WHAT IS REQUIRED ▸ When you repeat the entries below, keep each word exactly as it is and drop the pictures.

Short descriptive text snippets ▸
--------------------------------------------------

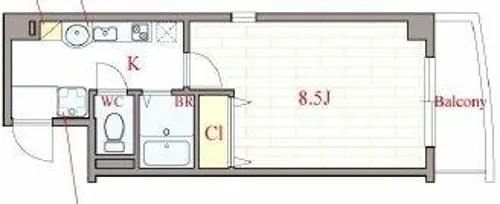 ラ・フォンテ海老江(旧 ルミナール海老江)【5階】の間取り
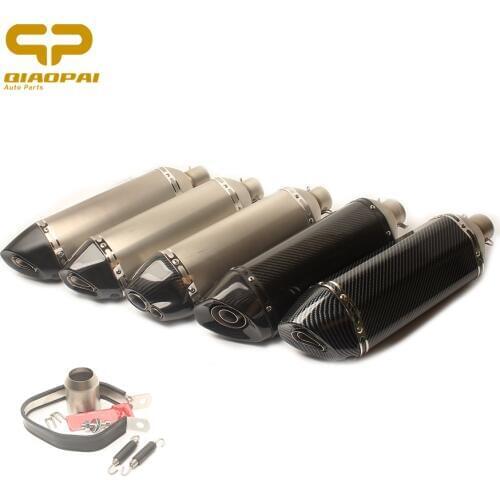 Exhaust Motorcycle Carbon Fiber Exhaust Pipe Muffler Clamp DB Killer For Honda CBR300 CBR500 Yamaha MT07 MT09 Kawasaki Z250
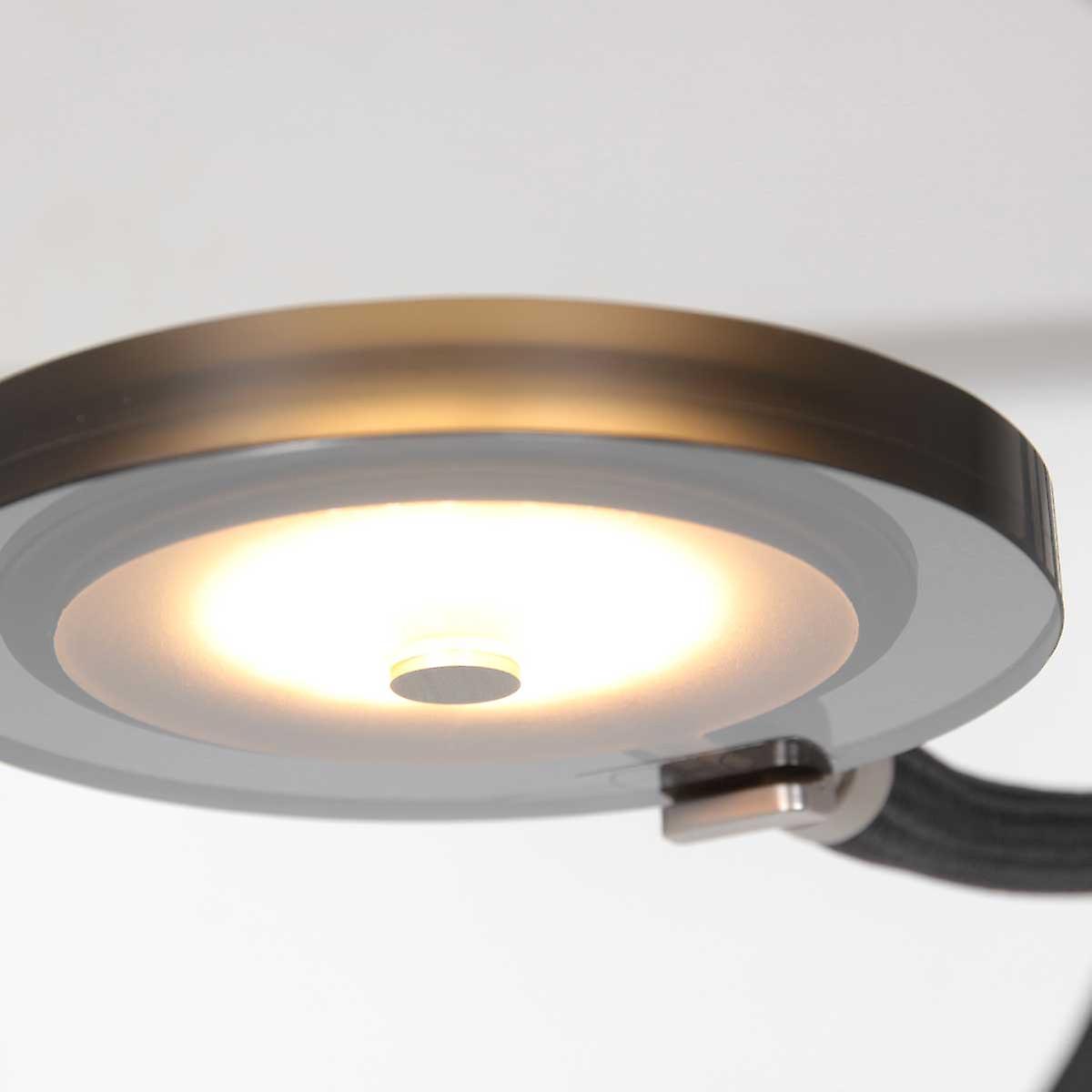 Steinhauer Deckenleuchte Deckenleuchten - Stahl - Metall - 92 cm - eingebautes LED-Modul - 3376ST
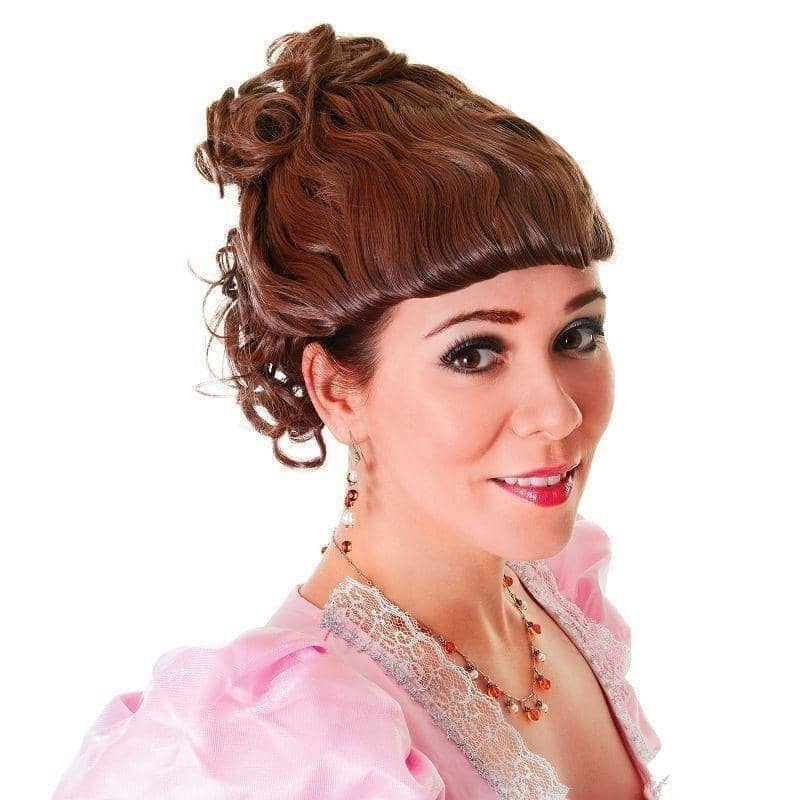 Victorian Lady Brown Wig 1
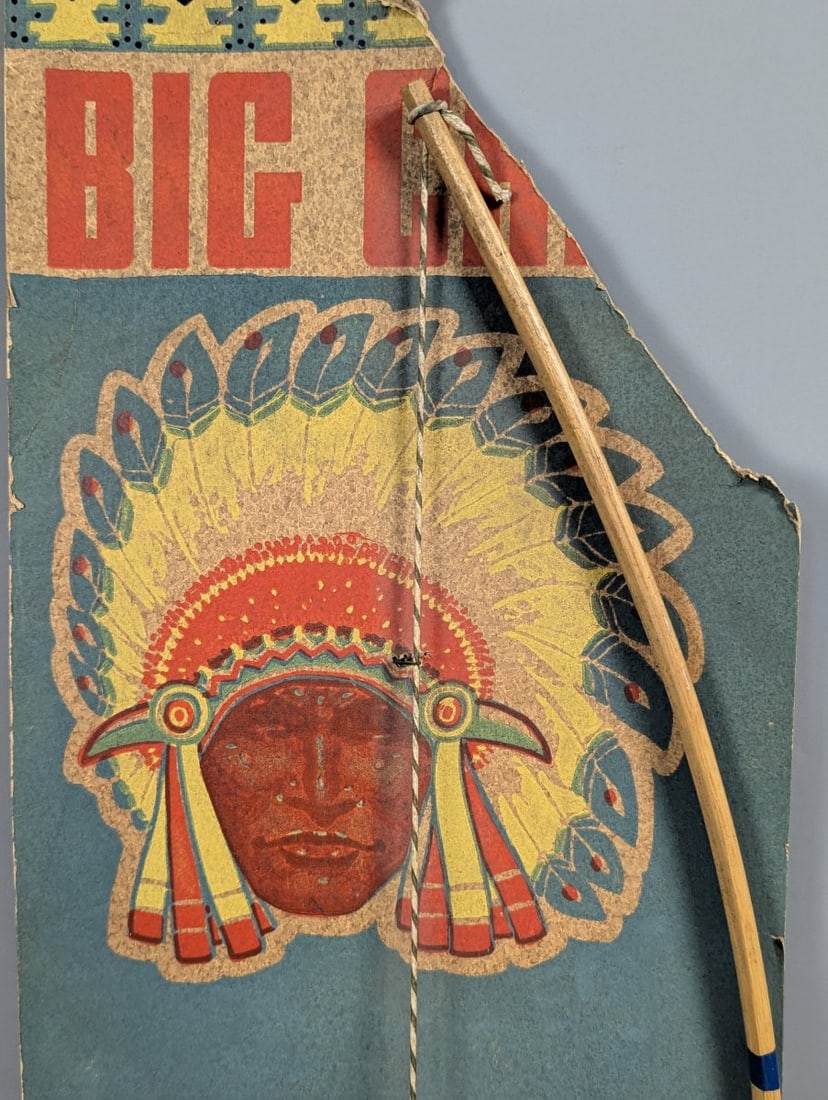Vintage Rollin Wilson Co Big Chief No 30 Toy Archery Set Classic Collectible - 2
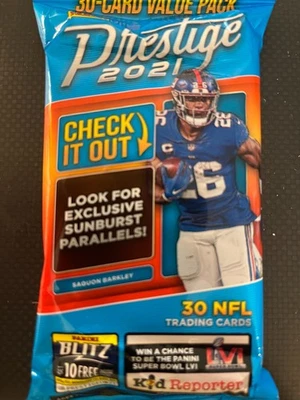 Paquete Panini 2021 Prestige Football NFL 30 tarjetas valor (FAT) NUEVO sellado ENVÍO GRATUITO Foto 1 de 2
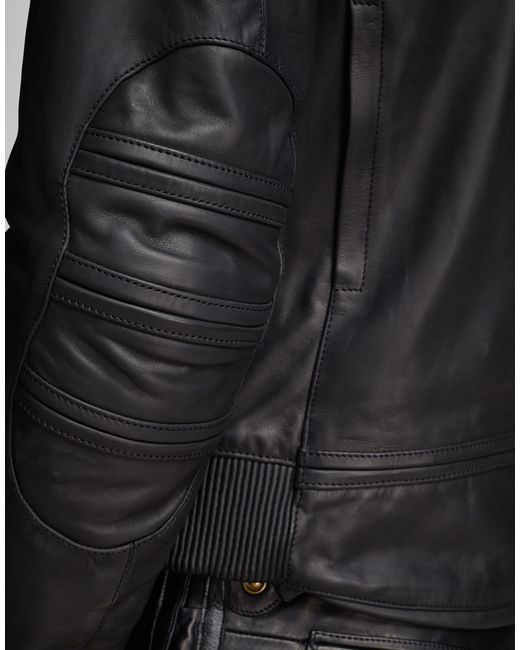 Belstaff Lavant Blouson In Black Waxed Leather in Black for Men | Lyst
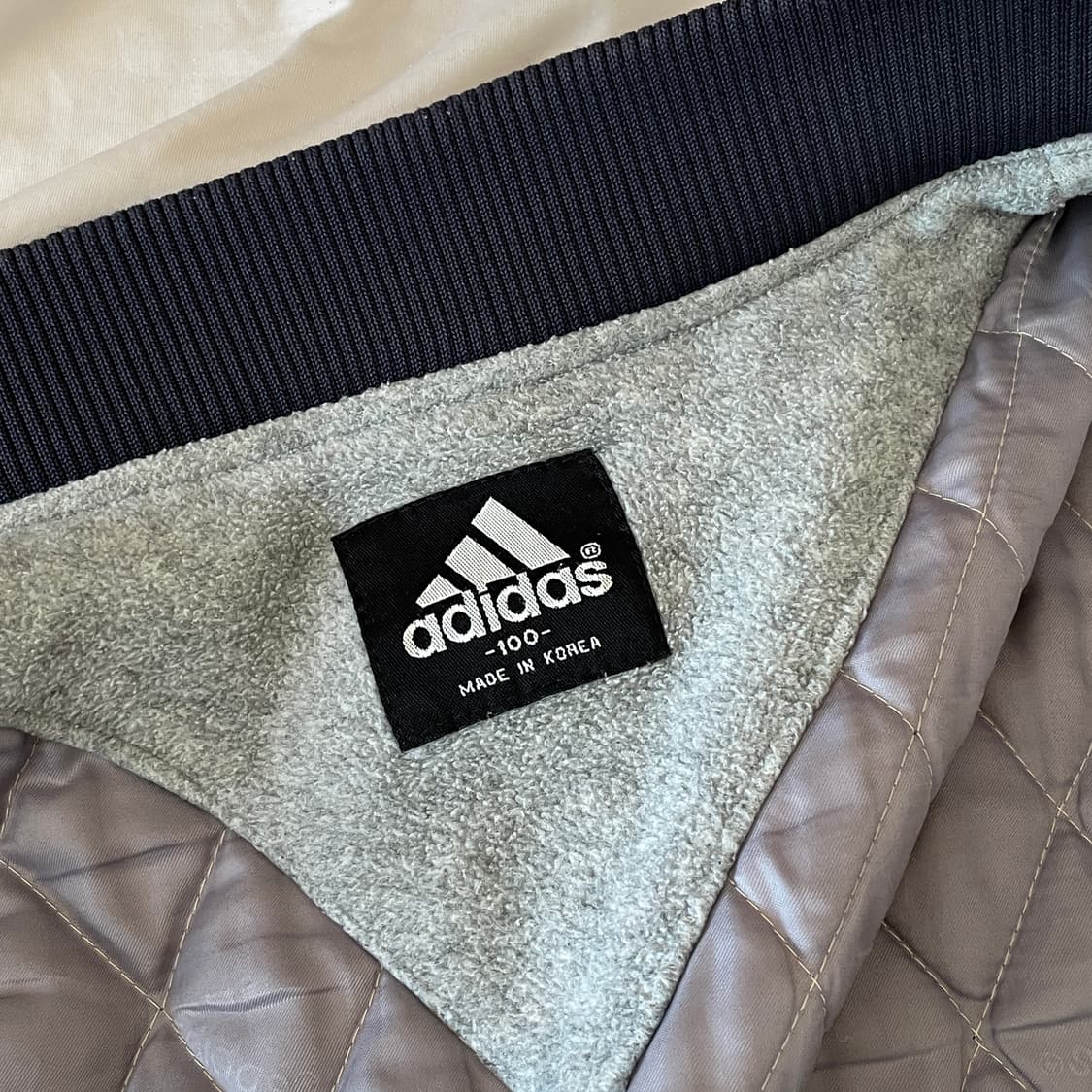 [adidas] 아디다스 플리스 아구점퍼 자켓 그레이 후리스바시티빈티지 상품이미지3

--------------------------------------------------

SOLUTION TO THE PROBLEM ▸
 ラ・フォンテ海老江(旧 ルミナール海老江)【5階】の間取り
 Exhaust Motorcycle Carbon Fiber Exhaust Pipe Muffler Clamp DB Killer For Honda CBR300 CBR500 Yamaha MT07 MT09 Kawasaki Z250
 Steinhauer Deckenleuchte Deckenleuchten - Stahl - Metall - 92 cm - eingebautes LED-Modul - 3376ST
 Victorian Lady Brown Wig 1
Vintage Rollin Wilson Co Big Chief No 30 Toy Archery Set Classic Collectible - 2
 Paquete Panini 2021 Prestige Football NFL 30 tarjetas valor (FAT) NUEVO sellado ENVÍO GRATUITO Foto 1 de 2
 Belstaff Lavant Blouson In Black Waxed Leather in Black for Men | Lyst
 [adidas] 아디다스 플리스 아구점퍼 자켓 그레이 후리스바시티빈티지 상품이미지3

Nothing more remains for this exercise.